ACTIVITY: Please write out only the lines from the one containing "Henna artists apply" through the last line of the listing. Do not include pictures.

DATA BLOCK:
/---
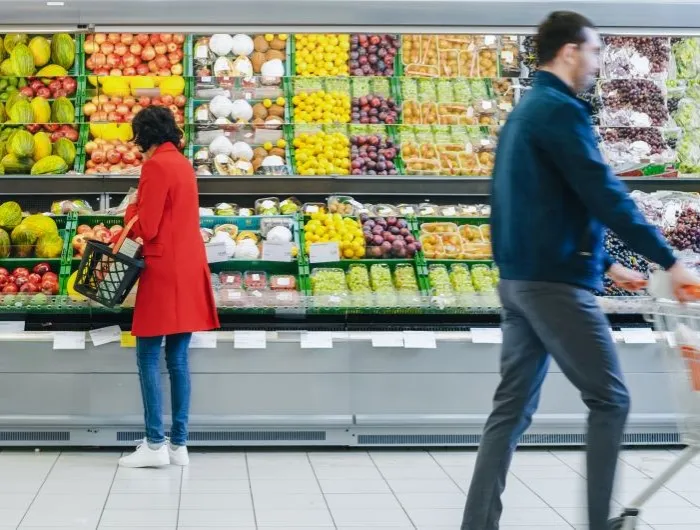 At the Supermarket: Woman Chooses Organic Fruits in the Fresh Produce Section of the Store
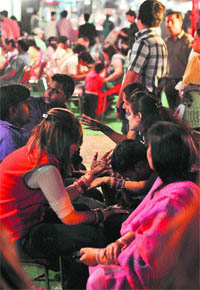 Henna artists apply mehndi on the hands of women on the eve of Karva Chauth in Ludhiana on Thursday. 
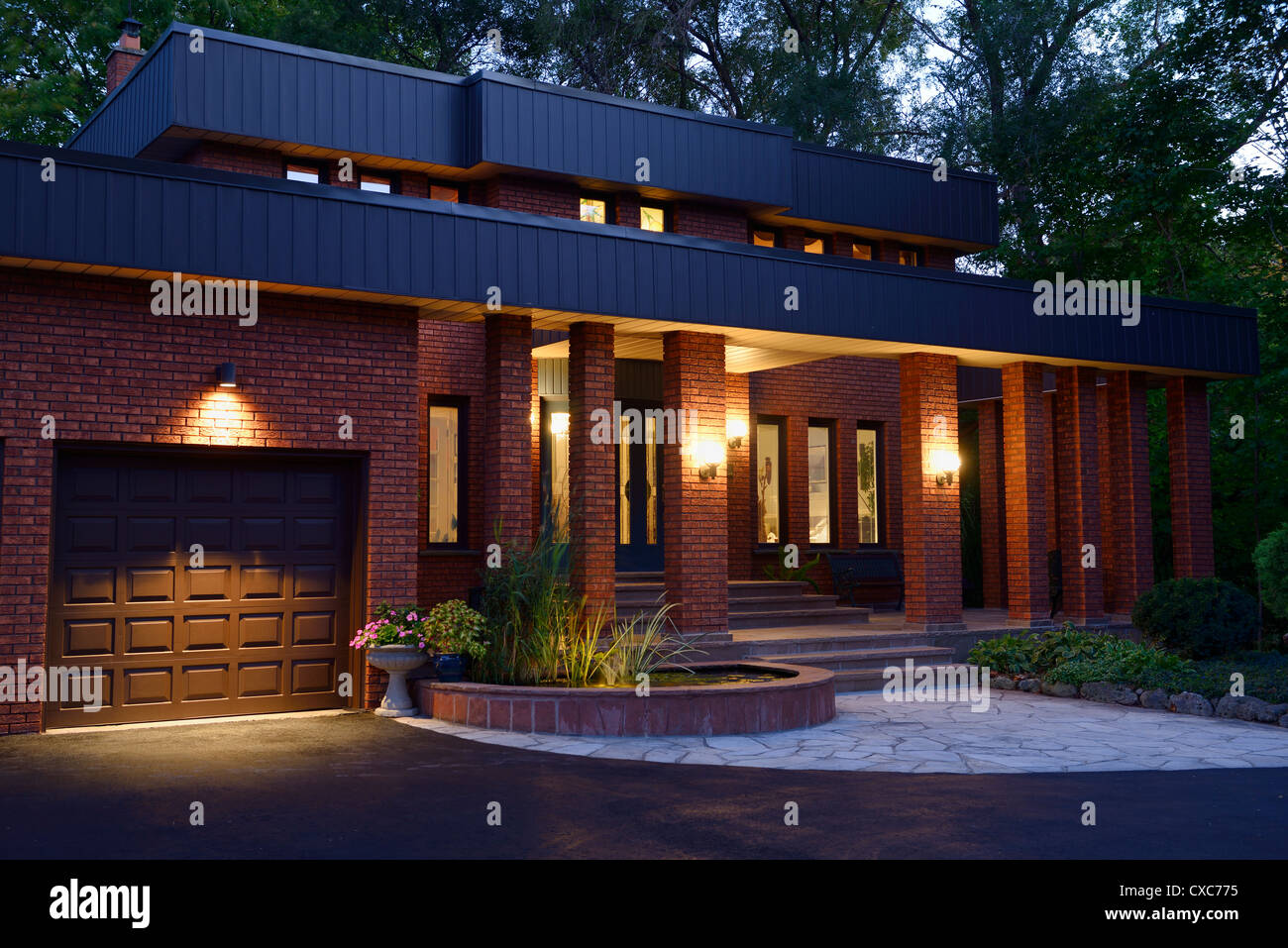 Vor einem Haus aus rotem Backstein mit Licht in der Dämmerung mit Teich und Stein Veranda Toronto Ontario Kanada Stockfoto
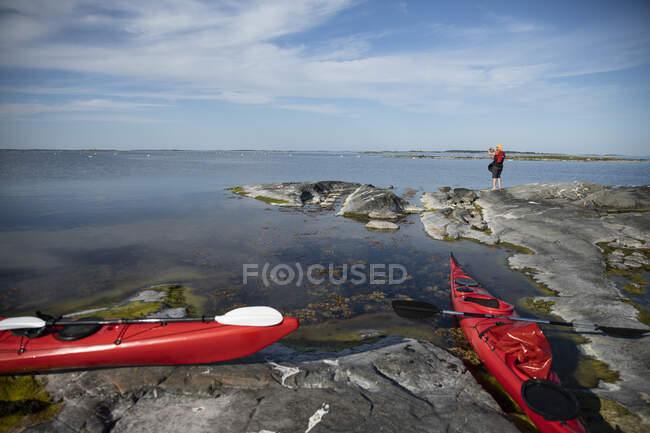 Kayaks rojos y el hombre tomando fotografías en rocas costeras - foto de stock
\---
WRITTEN ANSWER:
 Henna artists apply mehndi on the hands of women on the eve of Karva Chauth in Ludhiana on Thursday. 
 Vor einem Haus aus rotem Backstein mit Licht in der Dämmerung mit Teich und Stein Veranda Toronto Ontario Kanada Stockfoto
 Kayaks rojos y el hombre tomando fotografías en rocas costeras - foto de stock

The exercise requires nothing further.